OPINION OF THE COURT.

BAKER, J.

(after stating the facts). — Had the probate court jurisdiction to determine the title to the property in dispute in the suit of Patrick Cullen against Alfred N. Randall, administrator of the estate of Leon Caron, deceased, commenced in the probate court of Santa Fe county? This is the only question in the case.
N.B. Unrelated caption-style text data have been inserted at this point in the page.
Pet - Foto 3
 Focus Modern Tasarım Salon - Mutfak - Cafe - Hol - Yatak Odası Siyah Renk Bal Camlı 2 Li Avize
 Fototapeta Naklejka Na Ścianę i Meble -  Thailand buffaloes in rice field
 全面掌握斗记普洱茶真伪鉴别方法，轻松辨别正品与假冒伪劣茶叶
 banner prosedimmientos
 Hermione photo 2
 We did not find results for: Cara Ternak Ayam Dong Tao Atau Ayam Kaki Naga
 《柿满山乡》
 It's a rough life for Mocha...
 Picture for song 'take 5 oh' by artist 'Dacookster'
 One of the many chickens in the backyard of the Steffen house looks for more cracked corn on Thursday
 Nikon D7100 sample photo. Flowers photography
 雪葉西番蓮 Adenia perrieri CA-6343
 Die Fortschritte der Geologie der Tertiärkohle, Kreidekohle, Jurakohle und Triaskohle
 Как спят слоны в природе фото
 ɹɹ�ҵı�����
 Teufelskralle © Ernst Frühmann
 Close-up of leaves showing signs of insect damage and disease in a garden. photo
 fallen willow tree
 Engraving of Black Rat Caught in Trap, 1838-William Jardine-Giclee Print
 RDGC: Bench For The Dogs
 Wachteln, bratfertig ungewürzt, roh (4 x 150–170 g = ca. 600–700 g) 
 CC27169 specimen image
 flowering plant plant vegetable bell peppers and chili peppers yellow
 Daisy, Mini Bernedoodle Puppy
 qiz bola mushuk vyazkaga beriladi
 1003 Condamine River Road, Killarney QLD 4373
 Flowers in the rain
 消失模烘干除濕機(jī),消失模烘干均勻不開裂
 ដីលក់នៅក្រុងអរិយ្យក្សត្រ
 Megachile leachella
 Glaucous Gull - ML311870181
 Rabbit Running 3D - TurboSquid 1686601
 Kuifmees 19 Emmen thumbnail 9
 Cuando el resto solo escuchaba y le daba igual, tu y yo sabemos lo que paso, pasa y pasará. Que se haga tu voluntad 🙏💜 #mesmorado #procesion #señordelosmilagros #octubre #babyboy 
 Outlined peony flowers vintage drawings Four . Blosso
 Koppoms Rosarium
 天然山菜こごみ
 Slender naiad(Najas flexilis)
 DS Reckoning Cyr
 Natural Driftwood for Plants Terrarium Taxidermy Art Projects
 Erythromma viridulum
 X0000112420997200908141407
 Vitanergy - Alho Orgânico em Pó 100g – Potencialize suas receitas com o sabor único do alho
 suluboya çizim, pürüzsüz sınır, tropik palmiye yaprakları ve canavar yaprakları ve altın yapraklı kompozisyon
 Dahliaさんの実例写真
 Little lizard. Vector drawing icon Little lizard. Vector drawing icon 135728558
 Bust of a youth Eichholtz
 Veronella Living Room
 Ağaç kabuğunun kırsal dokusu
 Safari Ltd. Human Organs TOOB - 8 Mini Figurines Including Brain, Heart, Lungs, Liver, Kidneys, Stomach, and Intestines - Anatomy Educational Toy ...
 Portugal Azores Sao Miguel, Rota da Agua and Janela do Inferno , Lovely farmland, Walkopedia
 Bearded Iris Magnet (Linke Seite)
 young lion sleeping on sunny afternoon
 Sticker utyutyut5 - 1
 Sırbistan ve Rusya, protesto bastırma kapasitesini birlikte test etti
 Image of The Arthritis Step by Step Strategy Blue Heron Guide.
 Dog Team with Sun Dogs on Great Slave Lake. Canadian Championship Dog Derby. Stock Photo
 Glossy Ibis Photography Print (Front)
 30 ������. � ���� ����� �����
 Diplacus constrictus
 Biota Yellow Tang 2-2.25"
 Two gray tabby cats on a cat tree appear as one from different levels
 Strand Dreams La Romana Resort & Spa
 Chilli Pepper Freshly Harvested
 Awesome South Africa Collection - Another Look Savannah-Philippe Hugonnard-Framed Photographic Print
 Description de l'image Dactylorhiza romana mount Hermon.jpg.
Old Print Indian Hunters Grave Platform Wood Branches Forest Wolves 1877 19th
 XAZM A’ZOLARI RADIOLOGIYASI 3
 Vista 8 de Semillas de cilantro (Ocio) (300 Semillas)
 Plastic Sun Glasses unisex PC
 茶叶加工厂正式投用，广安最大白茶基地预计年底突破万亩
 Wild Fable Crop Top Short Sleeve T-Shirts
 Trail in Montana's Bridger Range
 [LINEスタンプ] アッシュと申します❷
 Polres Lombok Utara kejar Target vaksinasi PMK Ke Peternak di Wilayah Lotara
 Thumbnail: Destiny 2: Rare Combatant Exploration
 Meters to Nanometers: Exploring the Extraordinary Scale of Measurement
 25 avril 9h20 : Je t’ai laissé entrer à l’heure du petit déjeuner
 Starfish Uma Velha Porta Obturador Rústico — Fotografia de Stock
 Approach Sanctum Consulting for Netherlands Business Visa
The probate court was created by the organic act, section 10 of which provides, “that the judicial power of the Territories shall be vested in the Supreme Court, district court, probate courts and in justices of the peace.” Said act further provides that “the jurisdiction of the several courts herein provided for, both appellate and original, and that of the probate courts and justices of the peace, shall be as limited by law.” It further fixes the limitations of the jurisdiction of justices of the peace, and further provides that “the said Supreme Court and district courts respectively shall possess chancery as well as commonlaw jurisdiction.” This act is the creation of our judiciary. The jurisdiction of the several courts can not he enlarged by the Legislature. Ferris v. Higley, 20 Wall. 375; Robinson v. Fair; 128 U. S. 53; Clayton v. Utah Territory, 132 U. S. 641; Arellano v. Chacon, 1 N. M. 269. The organic act expressly conferring upon the Supreme Court and district courts chancery .as well as common-law jurisdiction, and not expressly conferring such jurisdiction upon the probate courts, it is equivalent to expressly denying probate courts such jurisdiction. Clayton v. Utah Territory, supra.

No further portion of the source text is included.